Prompt: Of the entries below, return only those lines from the line with "红枣饴糖正宗圣福记山东特产大红枣子饴软糖 红枣味高粱饴糖 500g" to the line with "EbookReader阅读器中文安卓版 EbookReader阅读器中文安卓版", exactly, both included.

Material for this task:
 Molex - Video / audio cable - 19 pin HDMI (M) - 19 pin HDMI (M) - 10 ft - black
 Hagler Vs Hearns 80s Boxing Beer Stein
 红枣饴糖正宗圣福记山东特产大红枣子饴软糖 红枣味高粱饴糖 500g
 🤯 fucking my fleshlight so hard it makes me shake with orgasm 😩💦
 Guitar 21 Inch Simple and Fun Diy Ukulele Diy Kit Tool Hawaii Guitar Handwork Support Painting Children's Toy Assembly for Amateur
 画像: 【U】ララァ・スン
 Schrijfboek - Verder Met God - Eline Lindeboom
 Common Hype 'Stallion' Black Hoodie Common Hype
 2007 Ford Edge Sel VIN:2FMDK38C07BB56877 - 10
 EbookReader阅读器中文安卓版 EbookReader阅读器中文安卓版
==
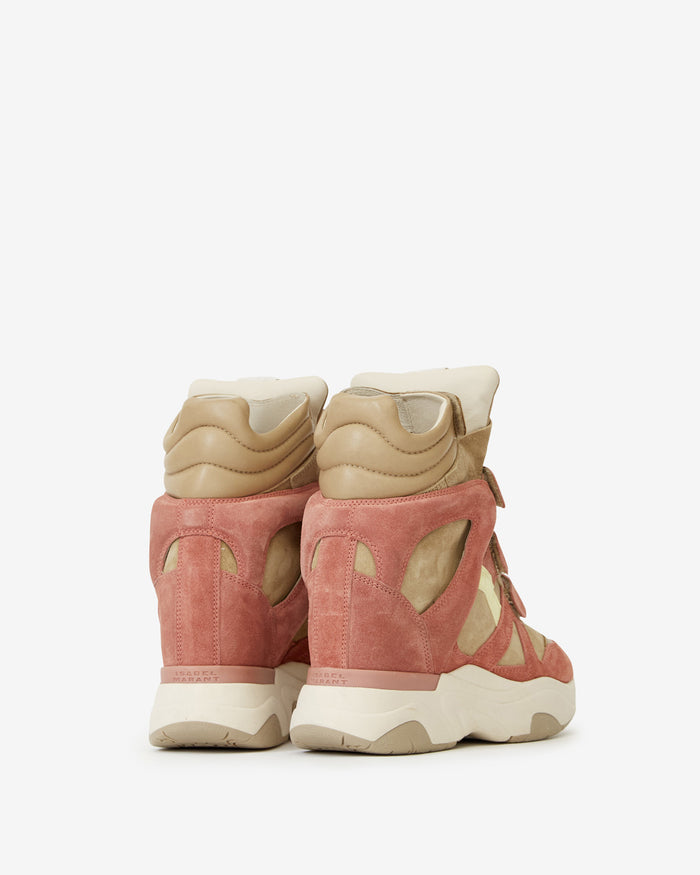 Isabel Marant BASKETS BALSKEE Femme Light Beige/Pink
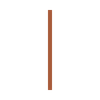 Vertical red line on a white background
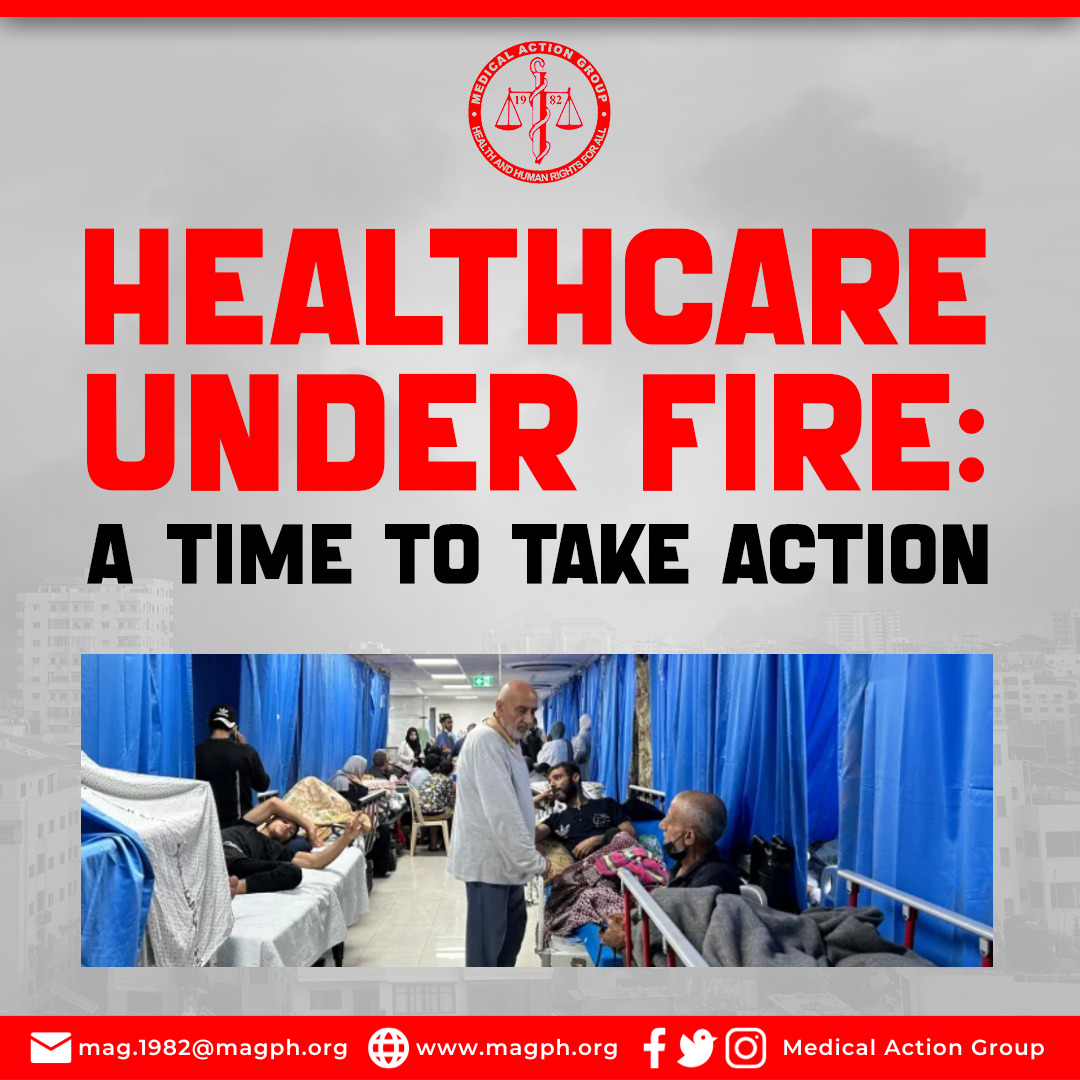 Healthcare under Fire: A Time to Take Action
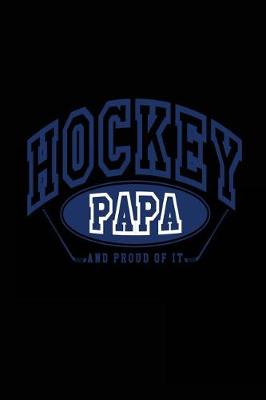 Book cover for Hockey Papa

Answer to this problem:
 红枣饴糖正宗圣福记山东特产大红枣子饴软糖 红枣味高粱饴糖 500g
 🤯 fucking my fleshlight so hard it makes me shake with orgasm 😩💦
 Guitar 21 Inch Simple and Fun Diy Ukulele Diy Kit Tool Hawaii Guitar Handwork Support Painting Children's Toy Assembly for Amateur
 画像: 【U】ララァ・スン
 Schrijfboek - Verder Met God - Eline Lindeboom
 Common Hype 'Stallion' Black Hoodie Common Hype
 2007 Ford Edge Sel VIN:2FMDK38C07BB56877 - 10
 EbookReader阅读器中文安卓版 EbookReader阅读器中文安卓版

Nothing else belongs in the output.